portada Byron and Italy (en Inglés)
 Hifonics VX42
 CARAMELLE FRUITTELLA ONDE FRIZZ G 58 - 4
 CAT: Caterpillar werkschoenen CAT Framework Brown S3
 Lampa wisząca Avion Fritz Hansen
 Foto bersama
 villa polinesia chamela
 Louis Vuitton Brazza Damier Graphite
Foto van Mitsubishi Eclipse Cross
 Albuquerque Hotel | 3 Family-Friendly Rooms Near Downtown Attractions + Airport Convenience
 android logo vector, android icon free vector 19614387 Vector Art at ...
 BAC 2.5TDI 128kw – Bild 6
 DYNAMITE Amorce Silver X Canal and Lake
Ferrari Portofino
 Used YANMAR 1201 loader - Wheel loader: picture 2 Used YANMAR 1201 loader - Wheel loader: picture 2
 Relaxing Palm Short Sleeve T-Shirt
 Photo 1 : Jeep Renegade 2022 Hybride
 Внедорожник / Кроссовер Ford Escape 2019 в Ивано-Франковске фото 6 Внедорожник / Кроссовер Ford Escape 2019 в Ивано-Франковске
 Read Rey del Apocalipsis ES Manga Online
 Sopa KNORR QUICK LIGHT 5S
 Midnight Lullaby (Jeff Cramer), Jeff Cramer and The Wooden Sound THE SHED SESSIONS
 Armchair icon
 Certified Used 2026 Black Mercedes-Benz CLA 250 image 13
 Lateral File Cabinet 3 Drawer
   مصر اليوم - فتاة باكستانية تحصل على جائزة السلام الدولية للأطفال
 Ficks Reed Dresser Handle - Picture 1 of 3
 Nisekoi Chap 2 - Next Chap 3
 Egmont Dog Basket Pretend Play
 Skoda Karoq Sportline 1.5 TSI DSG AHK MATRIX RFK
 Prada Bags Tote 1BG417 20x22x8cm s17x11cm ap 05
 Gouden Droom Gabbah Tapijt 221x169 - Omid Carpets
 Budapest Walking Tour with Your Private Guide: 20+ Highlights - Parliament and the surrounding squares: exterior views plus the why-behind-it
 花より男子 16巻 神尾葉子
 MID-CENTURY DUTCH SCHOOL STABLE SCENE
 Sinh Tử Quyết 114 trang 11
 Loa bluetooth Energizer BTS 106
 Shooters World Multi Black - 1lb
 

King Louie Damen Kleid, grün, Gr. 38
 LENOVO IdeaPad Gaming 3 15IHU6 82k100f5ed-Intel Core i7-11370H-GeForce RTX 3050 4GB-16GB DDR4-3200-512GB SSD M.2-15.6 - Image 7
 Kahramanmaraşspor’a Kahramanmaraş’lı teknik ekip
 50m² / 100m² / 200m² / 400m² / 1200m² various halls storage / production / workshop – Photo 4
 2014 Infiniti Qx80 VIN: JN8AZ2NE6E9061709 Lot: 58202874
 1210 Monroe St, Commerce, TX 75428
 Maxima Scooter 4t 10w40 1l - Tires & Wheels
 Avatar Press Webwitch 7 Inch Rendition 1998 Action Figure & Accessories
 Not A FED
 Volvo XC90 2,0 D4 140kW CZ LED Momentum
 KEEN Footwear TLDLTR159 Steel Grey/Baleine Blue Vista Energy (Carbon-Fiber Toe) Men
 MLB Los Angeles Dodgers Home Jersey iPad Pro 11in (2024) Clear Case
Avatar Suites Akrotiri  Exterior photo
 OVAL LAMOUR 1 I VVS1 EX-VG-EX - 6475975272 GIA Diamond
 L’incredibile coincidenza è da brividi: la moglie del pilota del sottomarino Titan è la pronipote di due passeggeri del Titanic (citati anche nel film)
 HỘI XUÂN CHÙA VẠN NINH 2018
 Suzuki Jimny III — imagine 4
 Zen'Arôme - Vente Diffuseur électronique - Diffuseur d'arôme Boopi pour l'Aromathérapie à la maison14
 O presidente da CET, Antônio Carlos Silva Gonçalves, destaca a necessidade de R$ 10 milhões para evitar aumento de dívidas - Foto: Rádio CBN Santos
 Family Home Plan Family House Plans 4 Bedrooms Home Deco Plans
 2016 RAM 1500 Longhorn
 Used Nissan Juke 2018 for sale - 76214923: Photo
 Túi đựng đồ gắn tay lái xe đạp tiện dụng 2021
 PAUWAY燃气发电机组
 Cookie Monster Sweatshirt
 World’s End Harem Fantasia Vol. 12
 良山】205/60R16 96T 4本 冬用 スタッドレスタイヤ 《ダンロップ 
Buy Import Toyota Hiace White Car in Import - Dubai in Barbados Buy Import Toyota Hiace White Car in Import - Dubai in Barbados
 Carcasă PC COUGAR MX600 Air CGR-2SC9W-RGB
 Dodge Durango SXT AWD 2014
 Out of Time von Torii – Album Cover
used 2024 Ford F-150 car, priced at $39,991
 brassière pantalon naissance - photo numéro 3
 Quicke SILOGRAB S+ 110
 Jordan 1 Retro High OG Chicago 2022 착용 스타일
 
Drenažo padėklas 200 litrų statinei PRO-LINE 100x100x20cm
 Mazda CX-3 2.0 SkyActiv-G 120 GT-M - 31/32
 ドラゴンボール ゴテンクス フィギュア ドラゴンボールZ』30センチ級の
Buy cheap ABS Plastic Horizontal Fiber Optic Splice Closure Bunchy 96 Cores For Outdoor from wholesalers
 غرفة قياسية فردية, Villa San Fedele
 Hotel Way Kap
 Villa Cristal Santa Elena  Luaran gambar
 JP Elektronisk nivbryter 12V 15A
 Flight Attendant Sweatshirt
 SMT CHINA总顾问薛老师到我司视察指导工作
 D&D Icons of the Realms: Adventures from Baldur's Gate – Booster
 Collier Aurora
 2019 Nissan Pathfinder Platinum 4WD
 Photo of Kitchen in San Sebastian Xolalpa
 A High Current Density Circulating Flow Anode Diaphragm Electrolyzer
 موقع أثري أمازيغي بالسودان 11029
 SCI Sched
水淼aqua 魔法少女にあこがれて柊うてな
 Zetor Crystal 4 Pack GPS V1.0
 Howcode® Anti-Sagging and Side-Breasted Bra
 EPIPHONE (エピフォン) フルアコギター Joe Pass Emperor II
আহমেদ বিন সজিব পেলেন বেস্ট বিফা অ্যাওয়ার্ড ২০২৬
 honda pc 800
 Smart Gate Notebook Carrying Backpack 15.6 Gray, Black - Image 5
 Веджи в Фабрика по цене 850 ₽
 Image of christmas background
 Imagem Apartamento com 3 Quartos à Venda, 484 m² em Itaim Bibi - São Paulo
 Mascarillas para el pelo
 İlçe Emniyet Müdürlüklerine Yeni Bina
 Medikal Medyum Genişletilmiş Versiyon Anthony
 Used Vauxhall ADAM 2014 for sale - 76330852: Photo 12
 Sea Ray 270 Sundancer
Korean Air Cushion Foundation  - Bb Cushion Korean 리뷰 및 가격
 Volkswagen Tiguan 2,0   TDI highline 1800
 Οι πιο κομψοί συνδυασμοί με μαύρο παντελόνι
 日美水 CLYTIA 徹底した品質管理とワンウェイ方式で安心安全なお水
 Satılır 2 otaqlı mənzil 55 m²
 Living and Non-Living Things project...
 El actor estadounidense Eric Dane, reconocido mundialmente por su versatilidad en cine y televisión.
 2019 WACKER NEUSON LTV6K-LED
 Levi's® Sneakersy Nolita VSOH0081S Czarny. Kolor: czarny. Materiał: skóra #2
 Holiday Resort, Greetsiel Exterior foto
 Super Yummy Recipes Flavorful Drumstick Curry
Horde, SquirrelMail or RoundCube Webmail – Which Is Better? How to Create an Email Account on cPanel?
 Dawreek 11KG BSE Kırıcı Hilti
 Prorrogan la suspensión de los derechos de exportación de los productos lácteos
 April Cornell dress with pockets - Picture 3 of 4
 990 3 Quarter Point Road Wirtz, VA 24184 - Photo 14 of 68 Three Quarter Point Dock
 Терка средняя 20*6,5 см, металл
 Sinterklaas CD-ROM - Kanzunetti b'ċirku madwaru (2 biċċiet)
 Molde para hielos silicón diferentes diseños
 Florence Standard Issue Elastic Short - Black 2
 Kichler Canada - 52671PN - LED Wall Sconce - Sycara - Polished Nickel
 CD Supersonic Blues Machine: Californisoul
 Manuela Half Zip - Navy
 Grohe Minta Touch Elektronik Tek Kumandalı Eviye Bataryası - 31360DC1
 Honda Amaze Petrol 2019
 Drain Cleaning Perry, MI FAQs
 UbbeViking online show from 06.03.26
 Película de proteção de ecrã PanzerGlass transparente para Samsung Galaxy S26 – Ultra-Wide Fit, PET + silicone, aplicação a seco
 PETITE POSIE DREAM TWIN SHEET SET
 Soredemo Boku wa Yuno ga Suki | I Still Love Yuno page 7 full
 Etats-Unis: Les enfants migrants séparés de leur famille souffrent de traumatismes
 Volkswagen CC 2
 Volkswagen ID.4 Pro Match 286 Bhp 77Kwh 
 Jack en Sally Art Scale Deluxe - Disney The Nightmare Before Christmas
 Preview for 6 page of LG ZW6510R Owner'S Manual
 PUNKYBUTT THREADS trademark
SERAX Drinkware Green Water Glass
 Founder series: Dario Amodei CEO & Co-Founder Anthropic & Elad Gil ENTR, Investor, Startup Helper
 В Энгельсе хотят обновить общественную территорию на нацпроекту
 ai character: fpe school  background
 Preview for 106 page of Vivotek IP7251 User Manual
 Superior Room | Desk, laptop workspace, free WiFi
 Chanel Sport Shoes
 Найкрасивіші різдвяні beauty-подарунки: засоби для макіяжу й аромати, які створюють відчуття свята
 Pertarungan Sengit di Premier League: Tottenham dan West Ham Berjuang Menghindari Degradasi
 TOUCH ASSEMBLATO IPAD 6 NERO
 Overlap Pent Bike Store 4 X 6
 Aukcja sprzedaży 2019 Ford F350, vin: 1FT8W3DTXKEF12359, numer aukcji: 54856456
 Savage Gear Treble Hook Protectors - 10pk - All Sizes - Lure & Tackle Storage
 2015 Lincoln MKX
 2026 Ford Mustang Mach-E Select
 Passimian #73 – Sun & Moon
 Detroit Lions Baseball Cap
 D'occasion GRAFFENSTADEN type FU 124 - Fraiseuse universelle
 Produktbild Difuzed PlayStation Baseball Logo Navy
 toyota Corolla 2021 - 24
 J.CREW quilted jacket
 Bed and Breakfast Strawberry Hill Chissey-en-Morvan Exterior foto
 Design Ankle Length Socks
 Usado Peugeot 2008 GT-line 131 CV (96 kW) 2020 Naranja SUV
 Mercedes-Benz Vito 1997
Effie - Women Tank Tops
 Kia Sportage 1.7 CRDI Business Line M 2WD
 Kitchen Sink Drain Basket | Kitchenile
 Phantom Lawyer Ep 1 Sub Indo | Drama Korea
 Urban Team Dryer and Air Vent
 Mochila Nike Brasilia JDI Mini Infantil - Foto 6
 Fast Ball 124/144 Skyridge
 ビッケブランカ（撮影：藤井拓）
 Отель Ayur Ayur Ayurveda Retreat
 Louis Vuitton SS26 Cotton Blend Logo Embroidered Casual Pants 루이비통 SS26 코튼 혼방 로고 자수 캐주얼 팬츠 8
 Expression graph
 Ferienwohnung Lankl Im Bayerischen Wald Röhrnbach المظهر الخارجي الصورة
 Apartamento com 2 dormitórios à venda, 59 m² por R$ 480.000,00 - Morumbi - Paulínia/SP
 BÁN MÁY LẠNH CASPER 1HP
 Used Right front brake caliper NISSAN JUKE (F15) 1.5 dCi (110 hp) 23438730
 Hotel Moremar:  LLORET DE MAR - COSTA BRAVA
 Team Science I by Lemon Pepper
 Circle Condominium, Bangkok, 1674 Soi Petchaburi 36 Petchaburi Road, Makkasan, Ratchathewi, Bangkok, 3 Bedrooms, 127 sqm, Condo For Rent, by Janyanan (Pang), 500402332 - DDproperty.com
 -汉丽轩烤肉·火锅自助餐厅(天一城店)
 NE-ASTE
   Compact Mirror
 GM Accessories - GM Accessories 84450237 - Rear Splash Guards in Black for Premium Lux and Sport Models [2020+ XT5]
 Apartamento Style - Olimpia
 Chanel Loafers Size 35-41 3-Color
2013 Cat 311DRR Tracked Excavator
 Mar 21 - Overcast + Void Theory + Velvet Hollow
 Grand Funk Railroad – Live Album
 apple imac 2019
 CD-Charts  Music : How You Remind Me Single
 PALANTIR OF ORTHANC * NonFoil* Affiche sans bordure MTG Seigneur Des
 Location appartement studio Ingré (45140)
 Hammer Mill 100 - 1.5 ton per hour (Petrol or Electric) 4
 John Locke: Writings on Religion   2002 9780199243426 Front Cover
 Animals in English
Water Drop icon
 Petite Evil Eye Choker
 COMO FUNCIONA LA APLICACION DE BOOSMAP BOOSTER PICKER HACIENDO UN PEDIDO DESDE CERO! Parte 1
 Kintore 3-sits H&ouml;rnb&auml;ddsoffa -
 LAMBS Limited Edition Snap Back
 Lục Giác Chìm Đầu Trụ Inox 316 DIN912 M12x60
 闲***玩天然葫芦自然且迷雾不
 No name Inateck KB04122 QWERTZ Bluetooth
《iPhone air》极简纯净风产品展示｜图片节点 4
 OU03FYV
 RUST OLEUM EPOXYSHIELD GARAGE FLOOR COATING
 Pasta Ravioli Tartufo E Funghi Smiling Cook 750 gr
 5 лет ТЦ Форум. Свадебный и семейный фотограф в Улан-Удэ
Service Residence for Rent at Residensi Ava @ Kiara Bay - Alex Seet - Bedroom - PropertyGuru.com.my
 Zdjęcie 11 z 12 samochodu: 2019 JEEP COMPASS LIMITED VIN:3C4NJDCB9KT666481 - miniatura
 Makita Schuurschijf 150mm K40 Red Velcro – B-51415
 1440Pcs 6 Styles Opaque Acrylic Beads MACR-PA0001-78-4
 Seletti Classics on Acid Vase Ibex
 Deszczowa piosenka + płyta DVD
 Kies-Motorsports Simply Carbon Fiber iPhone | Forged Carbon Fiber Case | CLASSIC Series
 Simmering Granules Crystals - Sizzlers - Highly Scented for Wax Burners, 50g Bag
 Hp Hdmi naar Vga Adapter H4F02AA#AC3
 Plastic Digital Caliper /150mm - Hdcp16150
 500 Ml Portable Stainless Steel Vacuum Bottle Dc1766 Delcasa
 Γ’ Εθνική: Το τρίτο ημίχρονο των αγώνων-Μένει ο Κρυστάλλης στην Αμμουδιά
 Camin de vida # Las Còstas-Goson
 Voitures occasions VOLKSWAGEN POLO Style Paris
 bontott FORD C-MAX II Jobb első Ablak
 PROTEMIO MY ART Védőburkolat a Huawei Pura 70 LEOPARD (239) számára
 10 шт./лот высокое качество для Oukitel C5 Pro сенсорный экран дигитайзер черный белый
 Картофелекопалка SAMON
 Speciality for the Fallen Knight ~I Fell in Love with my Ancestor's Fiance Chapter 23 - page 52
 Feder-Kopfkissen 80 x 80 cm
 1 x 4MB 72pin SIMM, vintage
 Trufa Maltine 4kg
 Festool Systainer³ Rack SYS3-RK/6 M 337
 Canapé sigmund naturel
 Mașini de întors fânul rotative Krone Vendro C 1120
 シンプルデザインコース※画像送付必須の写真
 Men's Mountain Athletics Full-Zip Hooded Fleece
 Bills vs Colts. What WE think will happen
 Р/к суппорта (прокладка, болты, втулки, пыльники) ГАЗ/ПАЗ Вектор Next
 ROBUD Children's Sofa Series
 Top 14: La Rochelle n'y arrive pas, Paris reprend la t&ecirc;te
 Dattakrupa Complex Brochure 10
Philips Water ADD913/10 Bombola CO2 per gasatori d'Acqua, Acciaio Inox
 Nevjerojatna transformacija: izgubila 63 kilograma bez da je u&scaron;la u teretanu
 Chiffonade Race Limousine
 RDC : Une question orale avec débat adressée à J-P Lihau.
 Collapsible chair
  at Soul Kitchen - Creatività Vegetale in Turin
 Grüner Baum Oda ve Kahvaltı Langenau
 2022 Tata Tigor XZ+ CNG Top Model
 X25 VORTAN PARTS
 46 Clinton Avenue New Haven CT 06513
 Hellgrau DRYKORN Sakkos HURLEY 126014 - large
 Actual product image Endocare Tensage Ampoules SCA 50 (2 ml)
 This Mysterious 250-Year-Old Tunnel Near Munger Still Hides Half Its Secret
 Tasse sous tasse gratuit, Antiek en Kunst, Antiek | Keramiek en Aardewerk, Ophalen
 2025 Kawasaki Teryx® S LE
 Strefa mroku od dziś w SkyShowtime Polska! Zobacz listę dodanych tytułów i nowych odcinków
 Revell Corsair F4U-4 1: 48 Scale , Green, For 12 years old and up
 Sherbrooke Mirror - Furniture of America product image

WHAT IS REQUIRED:
Retype, in the same exact form, the lines of the material above from the line holding "Usado Peugeot 2008" through the line holding "- COSTA BRAVA".

RESULT OF THIS EXERCISE:
 Usado Peugeot 2008 GT-line 131 CV (96 kW) 2020 Naranja SUV
 Mercedes-Benz Vito 1997
Effie - Women Tank Tops
 Kia Sportage 1.7 CRDI Business Line M 2WD
 Kitchen Sink Drain Basket | Kitchenile
 Phantom Lawyer Ep 1 Sub Indo | Drama Korea
 Urban Team Dryer and Air Vent
 Mochila Nike Brasilia JDI Mini Infantil - Foto 6
 Fast Ball 124/144 Skyridge
 ビッケブランカ（撮影：藤井拓）
 Отель Ayur Ayur Ayurveda Retreat
 Louis Vuitton SS26 Cotton Blend Logo Embroidered Casual Pants 루이비통 SS26 코튼 혼방 로고 자수 캐주얼 팬츠 8
 Expression graph
 Ferienwohnung Lankl Im Bayerischen Wald Röhrnbach المظهر الخارجي الصورة
 Apartamento com 2 dormitórios à venda, 59 m² por R$ 480.000,00 - Morumbi - Paulínia/SP
 BÁN MÁY LẠNH CASPER 1HP
 Used Right front brake caliper NISSAN JUKE (F15) 1.5 dCi (110 hp) 23438730
 Hotel Moremar:  LLORET DE MAR - COSTA BRAVA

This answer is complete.